Die Wohnung, in der Herr Bernasconi wohnt, ist gar nicht schlecht, ebenso wie die von Herrn Sassi, die etwa 140 Quadratmeter gross ist. Der Wohnbereich ist ruhig. Bei geschlossenen Fenstern hört man die Autobahn nicht.

Wohnzimmer

Das Wohnzimmer von Andrea Sassi.

(Mattia Lento)

Gutnachbarschaftliche Beziehungen

Herr Sassi, geboren und aufgewachsen in Campione d'Italia (eine vom Kanton Tessin umgebene italienische Exklave), von Beruf Koch, bestätigt unser Gefühl: "In dieser Wohnung fühle ich mich wirklich gut, sie wurde sehr gut renoviert, und ich habe wirklich ein gutes Verhältnis zum Besitzer und allen Nachbarn, mit denen wir oft Aperitifs auf der Terrasse oder Grillfeste im Garten organisieren. Ich bezahle nur 1700 Franken für so viel Platz."

Eine Terrasse neben der Autobahn

Trotz der Autobahn verzichten die Bewohner des Hauses nicht auf das Leben draussen.

(Mattia Lento)

Und Platz braucht Herr Sassi wirklich. Er lebt mit seiner Frau und einem Golden Retriever sowie fünf Katzen zusammen.

Der jetzige Eigentümer, der die Villa 2003 von der Stadt Maroggia abkaufte, teilte das Gebäude in fünf Wohnungen à 60 bis 180 Quadratmeter auf. David Canavesi, ein Patrizier aus Melano, ist Eigentümer und Manager einer beliebten Bar in der Region. Darüber hinaus investiert er auch gerne in Immobilien.

Ein Mann auf einer Terrasse

David Canavesi ist an den Lärm der Autobahn gewöhnt. Er stört ihn nicht. 

(Mattia Lento)

Für ihn ist das Leben in dieser Umgebung eine freie Entscheidung und keine Notwendigkeit: "Ich habe immer in der Nähe von Hauptverkehrsstrassen oder Eisenbahnen gelebt und mich an sie gewöhnt. Mein Zimmer liegt auf der Seite der Autobahn und im Sommer schlafe ich ohne Probleme bei geöffnetem Fenster. Auch für meine Frau ist die Autobahn kein Problem. Für sie bin eher ich ein Problem, weil ich manchmal schnarche, deswegen schlafen wir getrennt."

Zerstörtes Gebiet

Trotz dieser Nachsicht gegenüber dem Lärm besteht kein Zweifel daran, dass die A2 eine Zumutung für das gesamte Mendrisiotto ist, dem Bezirk im Südtessin an der Grenze zu Italien.

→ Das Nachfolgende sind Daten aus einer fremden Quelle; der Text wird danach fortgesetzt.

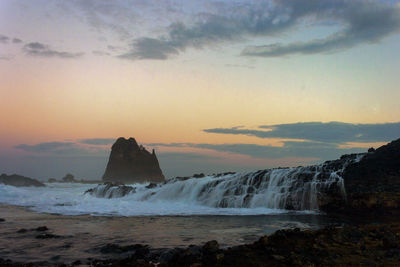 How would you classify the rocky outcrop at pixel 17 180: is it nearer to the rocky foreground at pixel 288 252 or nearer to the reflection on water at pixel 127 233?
the reflection on water at pixel 127 233

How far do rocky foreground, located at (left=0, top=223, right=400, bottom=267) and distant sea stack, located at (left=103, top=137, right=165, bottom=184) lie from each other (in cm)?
11264

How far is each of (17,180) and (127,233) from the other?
3457 inches

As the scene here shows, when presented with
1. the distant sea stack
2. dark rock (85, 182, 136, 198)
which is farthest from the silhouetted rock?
dark rock (85, 182, 136, 198)

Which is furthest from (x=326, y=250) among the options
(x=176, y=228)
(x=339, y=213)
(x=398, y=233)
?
(x=339, y=213)

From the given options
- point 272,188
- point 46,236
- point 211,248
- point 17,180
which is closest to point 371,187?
point 272,188

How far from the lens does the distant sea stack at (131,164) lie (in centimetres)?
12494

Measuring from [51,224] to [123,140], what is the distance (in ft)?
360

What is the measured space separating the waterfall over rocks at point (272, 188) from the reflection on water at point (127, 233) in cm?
379

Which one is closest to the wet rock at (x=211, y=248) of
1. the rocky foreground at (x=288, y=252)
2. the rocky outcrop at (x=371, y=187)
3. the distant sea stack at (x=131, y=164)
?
the rocky foreground at (x=288, y=252)

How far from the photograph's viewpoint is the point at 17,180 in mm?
91750

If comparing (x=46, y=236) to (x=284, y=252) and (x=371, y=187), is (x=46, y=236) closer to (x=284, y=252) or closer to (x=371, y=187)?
(x=284, y=252)

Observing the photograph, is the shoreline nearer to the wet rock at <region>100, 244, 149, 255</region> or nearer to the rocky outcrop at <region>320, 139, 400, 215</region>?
the wet rock at <region>100, 244, 149, 255</region>

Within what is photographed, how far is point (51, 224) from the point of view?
861 inches

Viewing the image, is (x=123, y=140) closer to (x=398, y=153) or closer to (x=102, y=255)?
(x=398, y=153) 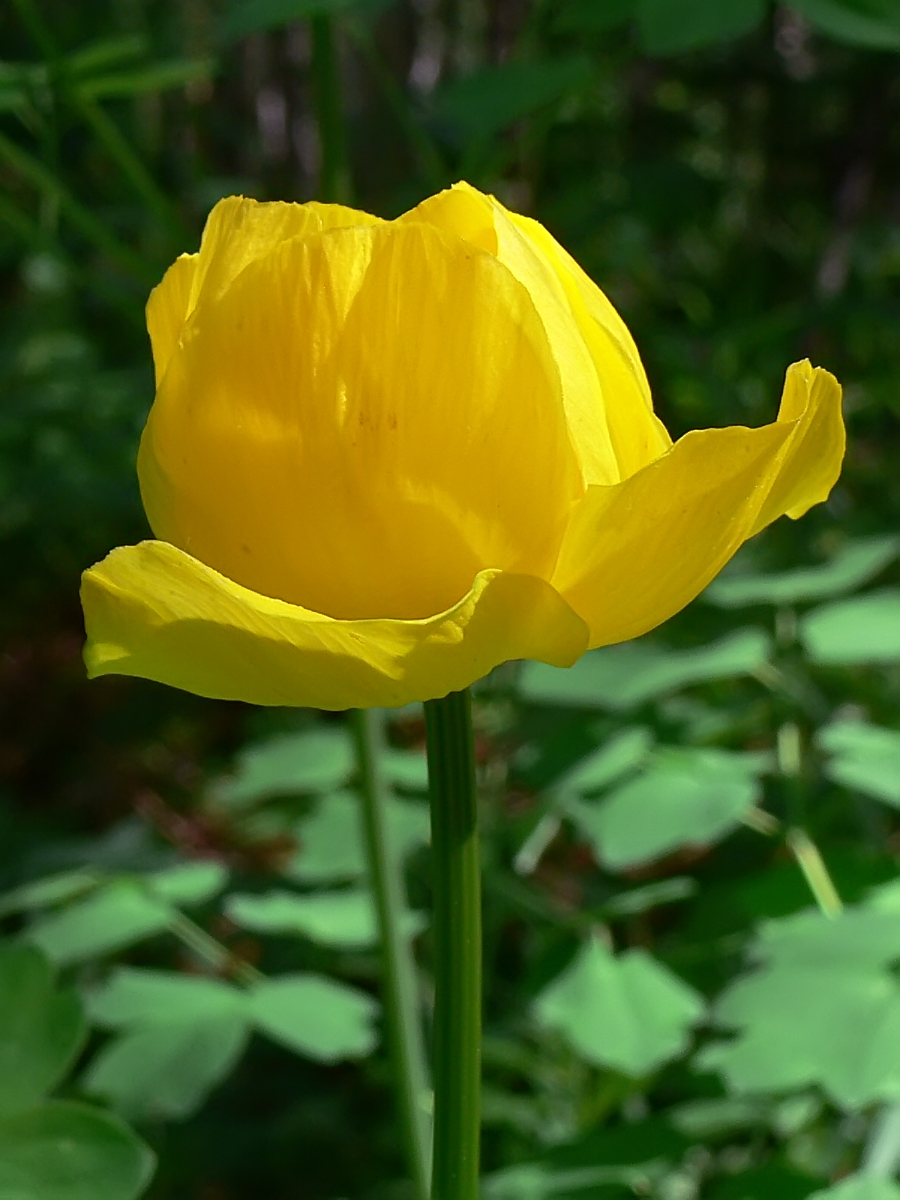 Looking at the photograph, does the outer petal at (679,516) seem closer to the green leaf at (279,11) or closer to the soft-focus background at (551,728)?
the soft-focus background at (551,728)

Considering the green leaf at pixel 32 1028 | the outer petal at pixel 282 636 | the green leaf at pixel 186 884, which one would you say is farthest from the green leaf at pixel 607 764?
the outer petal at pixel 282 636

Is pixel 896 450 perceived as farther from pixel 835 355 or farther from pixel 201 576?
pixel 201 576

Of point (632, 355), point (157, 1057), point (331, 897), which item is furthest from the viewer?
point (331, 897)

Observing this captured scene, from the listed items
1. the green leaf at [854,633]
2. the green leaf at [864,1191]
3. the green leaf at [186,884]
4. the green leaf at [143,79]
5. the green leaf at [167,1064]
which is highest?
the green leaf at [143,79]

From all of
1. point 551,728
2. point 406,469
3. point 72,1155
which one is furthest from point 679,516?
point 551,728

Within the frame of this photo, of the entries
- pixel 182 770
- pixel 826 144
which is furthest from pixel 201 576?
pixel 826 144

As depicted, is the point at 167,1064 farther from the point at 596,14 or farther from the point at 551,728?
the point at 596,14

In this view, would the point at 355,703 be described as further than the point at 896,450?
No

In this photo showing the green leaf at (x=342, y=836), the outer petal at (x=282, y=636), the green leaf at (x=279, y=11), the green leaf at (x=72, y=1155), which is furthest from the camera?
the green leaf at (x=342, y=836) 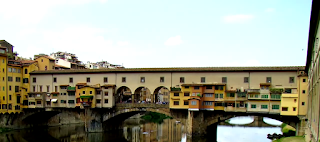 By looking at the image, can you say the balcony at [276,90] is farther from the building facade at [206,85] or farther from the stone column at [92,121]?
the stone column at [92,121]

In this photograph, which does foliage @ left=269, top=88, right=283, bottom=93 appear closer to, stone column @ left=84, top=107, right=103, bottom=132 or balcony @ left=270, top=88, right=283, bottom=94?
balcony @ left=270, top=88, right=283, bottom=94

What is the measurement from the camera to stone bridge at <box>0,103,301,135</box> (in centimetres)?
3412

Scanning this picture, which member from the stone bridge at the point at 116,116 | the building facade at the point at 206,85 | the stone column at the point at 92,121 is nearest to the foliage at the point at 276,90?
the building facade at the point at 206,85

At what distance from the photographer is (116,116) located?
132 feet

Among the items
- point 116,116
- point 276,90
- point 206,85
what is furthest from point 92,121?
point 276,90

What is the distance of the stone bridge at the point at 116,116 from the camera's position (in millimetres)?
34125

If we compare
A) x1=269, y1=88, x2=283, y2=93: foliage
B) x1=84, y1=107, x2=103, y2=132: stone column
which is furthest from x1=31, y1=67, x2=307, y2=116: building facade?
x1=84, y1=107, x2=103, y2=132: stone column

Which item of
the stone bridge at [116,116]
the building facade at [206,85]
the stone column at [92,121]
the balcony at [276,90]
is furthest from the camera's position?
the stone column at [92,121]

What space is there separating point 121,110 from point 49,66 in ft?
55.7

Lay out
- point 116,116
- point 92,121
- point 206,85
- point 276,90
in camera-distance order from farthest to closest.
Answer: point 116,116, point 92,121, point 206,85, point 276,90

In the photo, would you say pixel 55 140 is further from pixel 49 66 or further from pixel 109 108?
pixel 49 66

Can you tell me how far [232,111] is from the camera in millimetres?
33375

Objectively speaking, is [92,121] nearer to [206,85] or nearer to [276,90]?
[206,85]

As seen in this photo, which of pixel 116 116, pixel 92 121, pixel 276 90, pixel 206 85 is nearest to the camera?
pixel 276 90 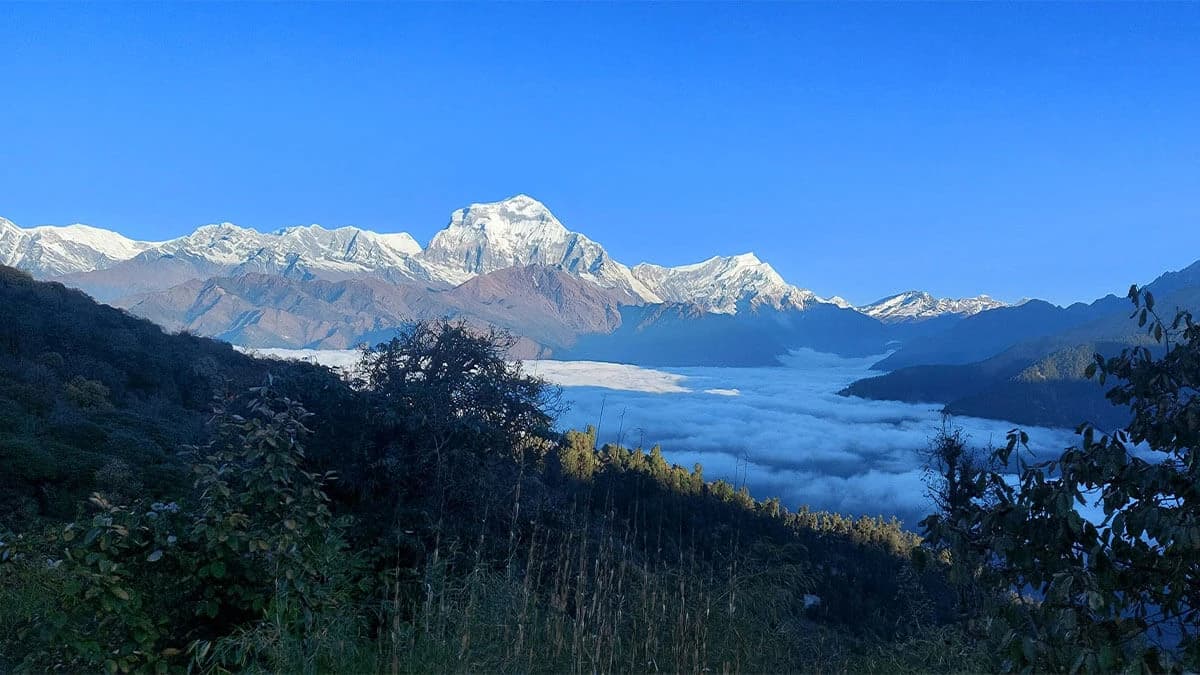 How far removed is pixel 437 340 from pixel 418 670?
796cm

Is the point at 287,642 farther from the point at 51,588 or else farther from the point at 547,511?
the point at 547,511

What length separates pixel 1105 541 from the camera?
10.9 feet

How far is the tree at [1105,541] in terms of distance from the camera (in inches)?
120

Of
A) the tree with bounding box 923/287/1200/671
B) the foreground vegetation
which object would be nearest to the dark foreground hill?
the foreground vegetation

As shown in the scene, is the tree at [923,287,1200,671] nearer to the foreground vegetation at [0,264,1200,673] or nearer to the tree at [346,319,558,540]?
the foreground vegetation at [0,264,1200,673]

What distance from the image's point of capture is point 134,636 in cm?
467

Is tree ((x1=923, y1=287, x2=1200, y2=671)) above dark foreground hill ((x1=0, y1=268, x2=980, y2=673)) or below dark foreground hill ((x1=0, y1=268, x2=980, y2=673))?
above

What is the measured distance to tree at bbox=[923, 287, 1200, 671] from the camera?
3.04 metres

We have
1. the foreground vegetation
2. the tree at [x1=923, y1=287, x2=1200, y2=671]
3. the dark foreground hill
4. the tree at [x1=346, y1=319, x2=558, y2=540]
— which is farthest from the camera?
the tree at [x1=346, y1=319, x2=558, y2=540]

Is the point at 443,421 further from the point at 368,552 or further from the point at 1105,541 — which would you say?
the point at 1105,541

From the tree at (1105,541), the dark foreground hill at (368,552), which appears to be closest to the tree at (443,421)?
the dark foreground hill at (368,552)

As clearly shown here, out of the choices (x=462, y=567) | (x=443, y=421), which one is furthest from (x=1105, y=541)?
(x=443, y=421)

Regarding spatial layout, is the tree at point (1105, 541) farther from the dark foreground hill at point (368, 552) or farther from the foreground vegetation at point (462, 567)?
the dark foreground hill at point (368, 552)

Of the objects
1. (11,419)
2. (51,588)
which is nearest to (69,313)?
(11,419) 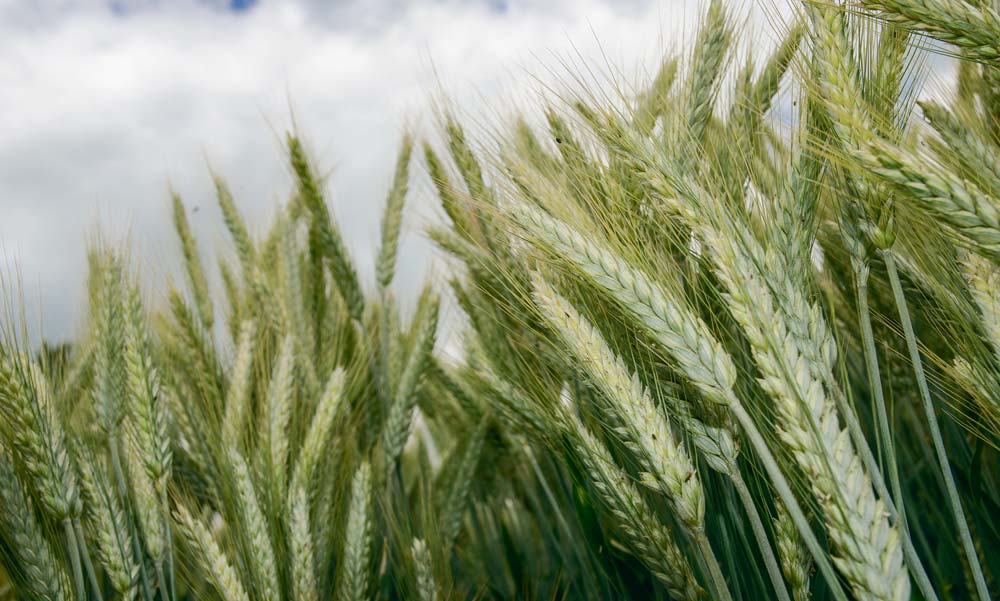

Der Fall Roveredo, eine kürzlich von der Last der Autobahn befreite Bündner Gemeinde, weckt die Hoffnung auf eine Lösung mit Hilfe eines Tunnelbaus über die Autobahn.

Diesbezüglich ist Herr Canavesi jedoch skeptisch: "Über Projekte wird regelmässig gesprochen, zur Tat zu schreiten ist eine andere Sache. Der letzte Vorschlag, von dem ich gehört habe, könnte die Situation für uns Einwohner von Melano sogar noch verschlechtern." Er spricht ein Projekt an,  bei dem es um den Ausbau eines Autobahnabschnitts von vier auf sechs Fahrspuren, eine teilweise Verlegung in den Untergrund und den Bau einer grossen Kreuzung in Melano geht. Wir werden sehen, wie es ausgeht.